The sequence will converge to $0$, if we are not able to find a subsequence $(n_k)_k$ such that $\sin(n_k)$ gets to $0$ so quickly, that it outperforms $n$ in going to $\infty$.
The zeros of $\sin$ are all integer multiples of $\pi$. The question is therefore: how well can we approximate $\pi$ by rationals?

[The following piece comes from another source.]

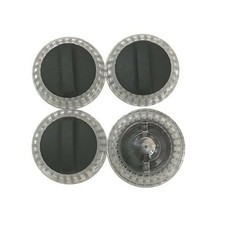4 Pcs Motor Arm Cap LED Lamp Shade Light Case Cover Repair For DJI Spark Drone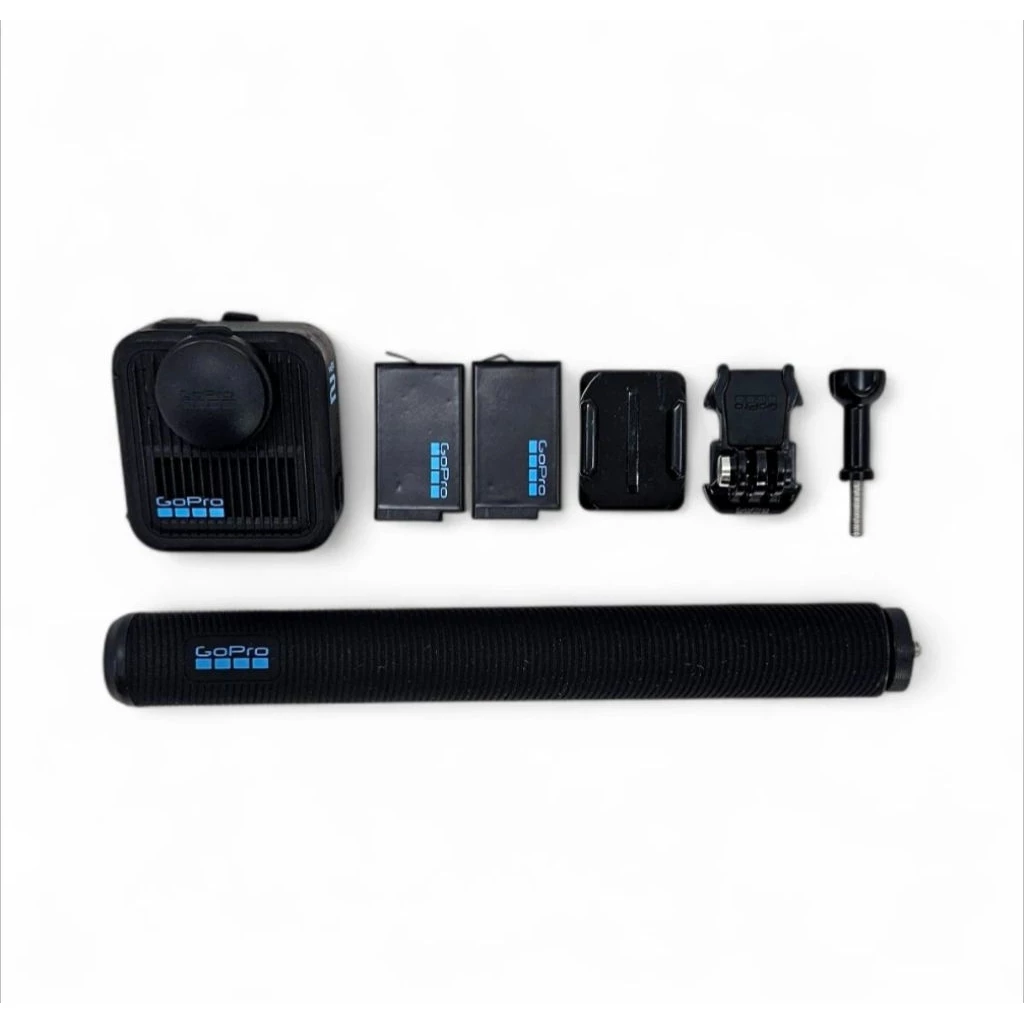 GoPro MAX 360 Action Camera thumbnail 4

By Dirichlet's approximation theorem (which is very simple to prove using the pidgeonhole principle), there exists a sequence $n_k\rightarrow\infty$ and $q_k$ such that
$$\left|\frac{n_k}{q_k}-\pi\right|<\frac{1}{q_k^2}$$
Since $|\sin(x)|= |\sin(x+k\pi)|$ and $|\sin(x)|\le |x|$ for $x\in\mathbb{R}$, $k\in\mathbb{Z}$, we have
$$\frac{1}{|n_k\sin(n_k)|}=\frac{1}{|n_k\sin(n_k-q_k\pi)|}\ge \frac{1}{n_k|n_k-q_k\pi|}\ge \frac{q_k}{n_k}\rightarrow \frac{1}{\pi}$$
That means, there is a subsequence that stays away from $0$. But clearly there also is a subsequence $n_k\rightarrow\infty$ such that $|\sin(n_k)|>1/2$ (e.g. approximate odd multiples of $\pi/2$). Then $1/|n_k\sin(n_k)|\le 2/n\rightarrow 0$. Therefore the subsequence converges to $0$.
This yields the
Conclusion: The sequence does not converge.
J.R.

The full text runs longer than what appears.